1) A role is not a closure, so:
} does role { method done { $done = True } }
Will not behave as you want.
2) In the react example, there is $s1.done, when I presume $s2.done was meant.
Even with these corrected, the behavior under consideration still occurs.
The deadlock we're seeing here is thanks to the intersection of two
individually reasonable things.
The first is the general principle that supplies are about taming, not
introducing, concurrency. There are, of course, a number of Supply factory
methods that will introduce concurrency (Supply.interval, for example),
together with a number of supply operators that also will - typically, anything
involving time, such as the delay method. Naturally, schedule-on also can. But
these are all quite explicitly asking for the concurrency (and all are
delegating to something else - a scheduler - to actually provide it).
The second, which is in some ways a follow-on from the first, is the actor-like
semantics of supply and react blocks. Only one thread may be inside of a given
instance of a supply or react block at a time, including any of the whenever
blocks inside of it. This has two important consequences:
1) You can be sure your setup logic inside of the supply or react block will
complete before any messages are processed.
2) You can be sure that you'll never end up with data races on any of the
variables declared inside of your supply or react block because only one
message will be processed at a time.
This all works out well if the supply being tapped truly *is* an asynchronous
source of data - which is what supplies are primarily aimed at. In the case
we're considering here, however, it is not. Thanks to the first principle, we
don't introduce concurrency, so we tap the supply on the thread running the
react block's body. It never hands back control due to the loop inside of it,
running straight into the concurrency control mechanism.

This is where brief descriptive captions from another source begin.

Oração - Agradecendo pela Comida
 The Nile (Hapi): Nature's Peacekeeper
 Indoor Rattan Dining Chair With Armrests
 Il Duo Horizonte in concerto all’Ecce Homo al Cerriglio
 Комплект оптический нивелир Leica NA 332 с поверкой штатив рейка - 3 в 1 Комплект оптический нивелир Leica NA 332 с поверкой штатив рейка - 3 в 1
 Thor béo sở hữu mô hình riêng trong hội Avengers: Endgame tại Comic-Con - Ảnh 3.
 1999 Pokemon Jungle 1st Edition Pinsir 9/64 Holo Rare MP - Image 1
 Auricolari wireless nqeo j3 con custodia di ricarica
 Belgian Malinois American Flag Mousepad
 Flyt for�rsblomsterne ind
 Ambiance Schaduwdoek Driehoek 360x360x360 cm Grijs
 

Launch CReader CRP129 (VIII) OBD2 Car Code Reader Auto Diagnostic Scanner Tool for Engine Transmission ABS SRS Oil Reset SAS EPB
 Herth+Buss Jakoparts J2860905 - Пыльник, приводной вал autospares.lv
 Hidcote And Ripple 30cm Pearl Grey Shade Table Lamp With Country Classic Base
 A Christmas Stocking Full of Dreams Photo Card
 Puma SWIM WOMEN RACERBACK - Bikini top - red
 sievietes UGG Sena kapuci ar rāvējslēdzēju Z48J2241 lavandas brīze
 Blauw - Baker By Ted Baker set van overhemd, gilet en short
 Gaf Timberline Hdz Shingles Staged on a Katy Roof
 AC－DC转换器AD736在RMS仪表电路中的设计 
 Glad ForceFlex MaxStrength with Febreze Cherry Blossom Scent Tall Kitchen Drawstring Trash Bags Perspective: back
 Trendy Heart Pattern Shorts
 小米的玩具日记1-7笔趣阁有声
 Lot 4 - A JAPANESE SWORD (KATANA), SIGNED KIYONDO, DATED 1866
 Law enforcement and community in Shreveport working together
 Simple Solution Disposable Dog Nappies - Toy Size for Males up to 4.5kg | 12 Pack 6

A one-word fix is to introduce a bit of concurrency explicitly:
react {
start whenever $s2 -> $n {
say "Received $n";
$s2.done if $n >= 5;
}
}
With this, the react block's setup can complete, and then it starts processing
the messages.
Longer term, a back-pressure model for supplies is something that wants looking
in to, designing, and implementing. I put this off on the basis that Rx.Net is
plenty useful without one, and RxJava introduced one after its initial release.
Taken together, there was no incentive to rush one in. However, we might be
able to find a solution in that space for this particular case.
That said, back when I was teaching async programming, I always made a point to
note that the places where synchrony and asynchrony meet are often sources of
trouble. Here, a supply block whose body runs synchronously runs up against a
construct (react) and data structure (Supply) whose designs are optimized for
dealing with asynchronous data. Reduced to its essence, the code submitted here
and the C# code I would show my students to illustrate the problem look
strikingly similar: a blocking subscription prevents message processing,
leading to a deadlock.
It's worth noting that this general problem can *not* be solved through a
back-pressure mechanism; it can only solve cases like the one in this ticket
where when emit can serve as a preemption point in the case of back-pressure
being applied. The consequences of making emit have such semantics, however,
will probably run deep once we get into non-toy examples. (For example, will it
end up with us declaring `emit` as being like `await` in 6.d where you may be
on a different OS thread afterwards if you do it inside of the thread pool?)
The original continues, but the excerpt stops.